Examples of benefits include:
- Sick leave or personal days
- Car allowance or automobile expenses
- Pension plans or 401K
- Relocation compensation
- Health clubs or wellness centers
- Expense accounts
- Profit sharing and Stock options
- Educational reimbursement
- Company-sponsored training
- Financial planning services
- Flextime or telecommuting
- Relaxed work environment
- Casual dress code
- Free parking
II. Salary Goals
Typically, the candidate and employer have opposite goals during the salary negotiation. Your goal should be to bring home the best salary you can for the work you’ll be doing. Your employer’s goal will be to offer you the most equitable offer he/she can while also saving money for the company. Keep in mind that your employer wants you to be happy and satisfied in your job. A salary that is lower than you deserve may ultimately cause you dissatisfaction and result in a desire to leave. This is where your goals and the employer’s goals meet in the middle. Although this may sound like an adversarial situation, both parties are working together to create a win-win situation.
III. The Keys to Salary Negotiation
- Never discuss salary until the end of the interview process. You should not mention salary until a job offer has been extended. Also, make sure you have a very defined job description before you determine a fair salary expectation.
- Never be the first to mention a salary figure. Although you may have expectations in mind, let the employer be the one to establish the first benchmark. This will usually work to your advantage in obtaining the best package that you can.
- Employers don’t usually tell you the most they are willing to pay.

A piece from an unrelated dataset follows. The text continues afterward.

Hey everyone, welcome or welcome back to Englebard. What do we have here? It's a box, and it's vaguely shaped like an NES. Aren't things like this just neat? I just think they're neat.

Let the employer be the initiator so you can identify the general pay range for the position and negotiate up from there.
- Conduct market salary research before you go into the negotiation. Having a detailed job description is critical for determining equal pay in the marketplace. Do not just rely on position titles for research. Sometimes, the same titles can mean very different things to different companies.
- Complete your budget before the negotiation to determine how much you will need. Ask someone to help you calculate your expenses, insurance, savings allotment, and anything else that may come out of your paycheck. Don’t forget to take out taxes in your estimate.
- Research the cost of living. A job paying $30,000 per year in Dallas is far different than a job paying $30,000 per year in San Francisco. The Career Center’s web page includes a salary calculator that will assist you in a cost-of-living analysis.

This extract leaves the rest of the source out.